» Dataset excerpt
"""

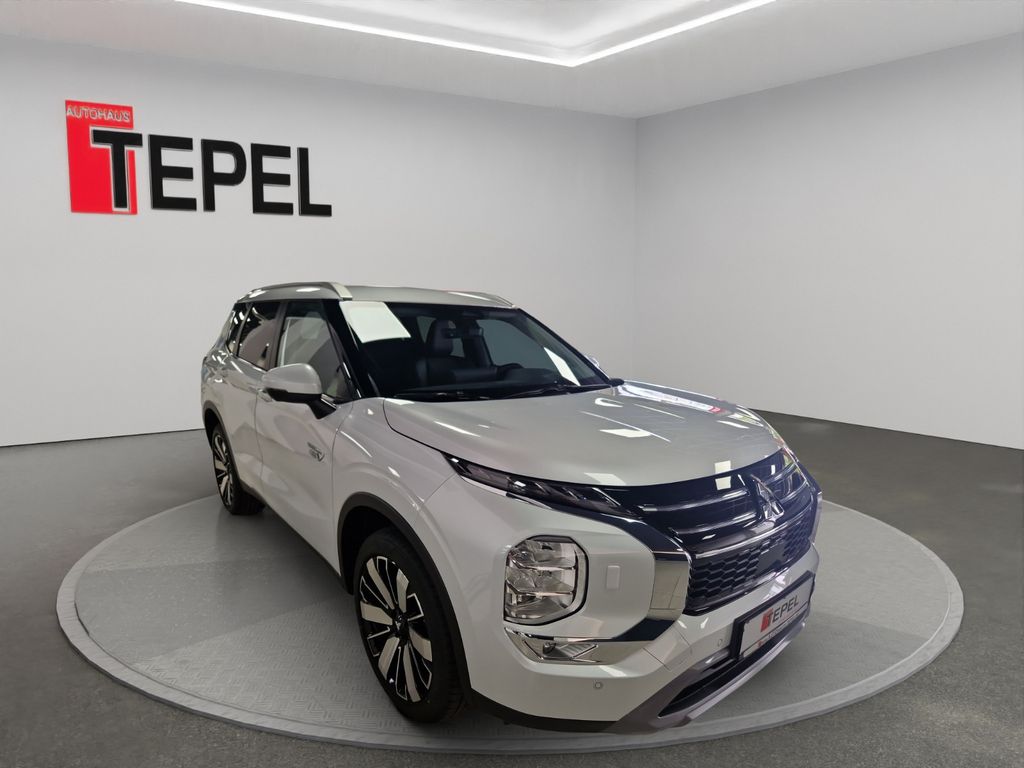 Mitsubishi Plug-in Hybrid Outlander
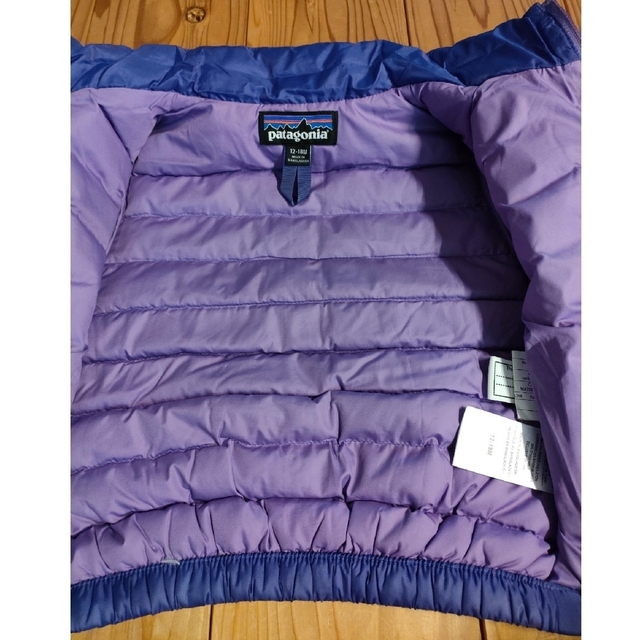 patagonia(パタゴニア)のパタゴニア ライトダウンジャケット 80〜90 キッズ/ベビー/マタニティのベビー服(~85cm)(ジャケット/コート)の商品写真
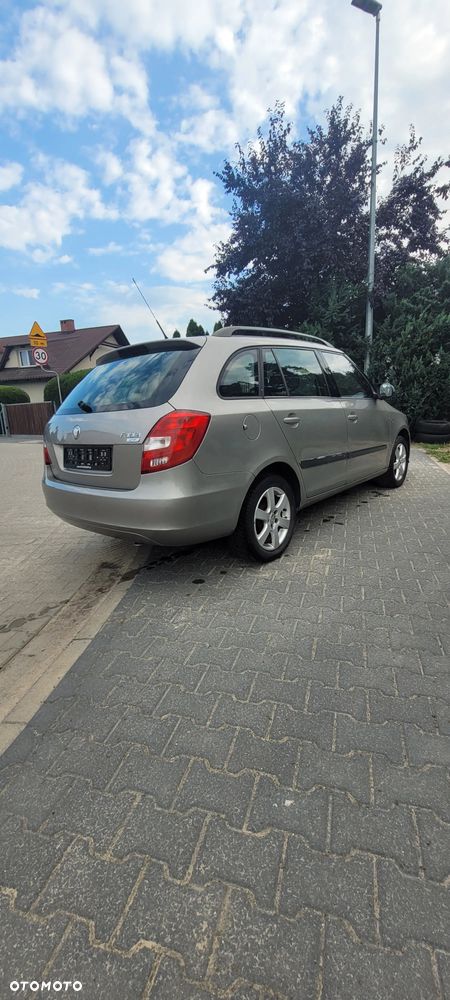 Skoda Fabia 1.2 HTP Elegance - 7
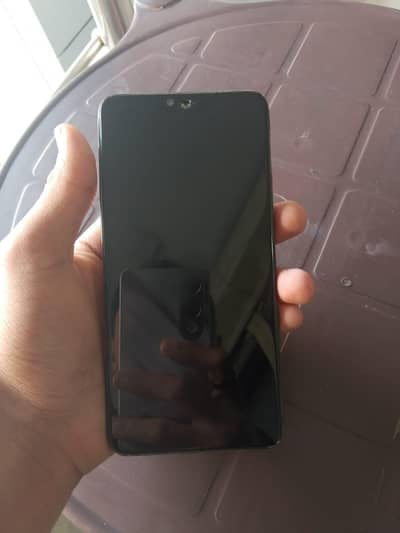 achcha mobile hai Koi masla Nahin hai 4GB 64 GB wala hai front camera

"""

» What the exercise asks
Because the copy must hold no pictures, return only the lines that run from the line containing "patagonia(パタゴニア)のパタゴニア ライトダウンジャケット 80〜90" to the end of the data above, each exactly as it stands.

» Result
 patagonia(パタゴニア)のパタゴニア ライトダウンジャケット 80〜90 キッズ/ベビー/マタニティのベビー服(~85cm)(ジャケット/コート)の商品写真
 Skoda Fabia 1.2 HTP Elegance - 7
 achcha mobile hai Koi masla Nahin hai 4GB 64 GB wala hai front camera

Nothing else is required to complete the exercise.